# Hot Tub Enclosure Ideas



## zoolou (Apr 12, 2008)

Here's a couple of pics of what i am dealing with....the fence that you see is only a temporary one ...definitely not what i want to have up I want to enjoy seeing the yard behind the cameras eye


----------



## Marvin Gardens (Sep 30, 2008)

I like glass. There are a lot of free or cheap glass on craigslist. Look for tempered glass which is safer.

My current project is making a solarium and I have some very large sheets of double glazed glass. The glass will be over the top and on the sides as it will be a semiconditioned space and needs to be sealed.

With glass you can have a view when you want it and use blinds when you want privacy.
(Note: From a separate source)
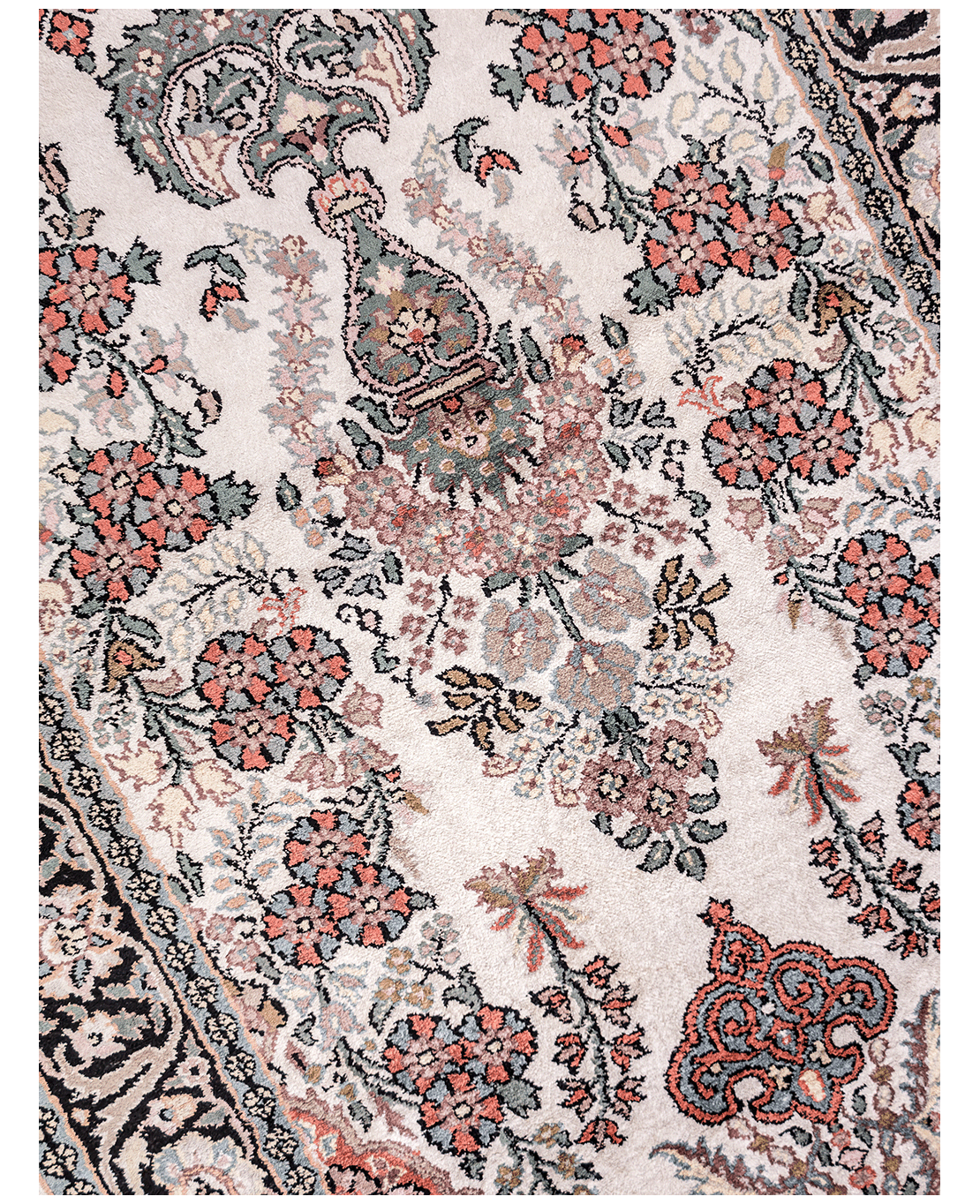 Indian Kashmiri handmade silk rug - Image 3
And you can leave the top open. I love hot tubbing when the snow is falliing.


----------



## creek1369 (Dec 16, 2008)

*Gazebo??*

Hey,I have a glass and wood gazebo that sits ON TOP of the hot tub,actually it sit around the tub but held up by cool braces.It would probobly be cheaper than a fence that would allow the veiw you want.It also has a skylite,and privacy glass.I'll try to send a pic if ya want.


----------



## zoolou (Apr 12, 2008)

creek1369 said:


> Hey,I have a glass and wood gazebo that sits ON TOP of the hot tub,actually it sit around the tub but held up by cool braces.It would probobly be cheaper than a fence that would allow the veiw you want.It also has a skylite,and privacy glass.I'll try to send a pic if ya want.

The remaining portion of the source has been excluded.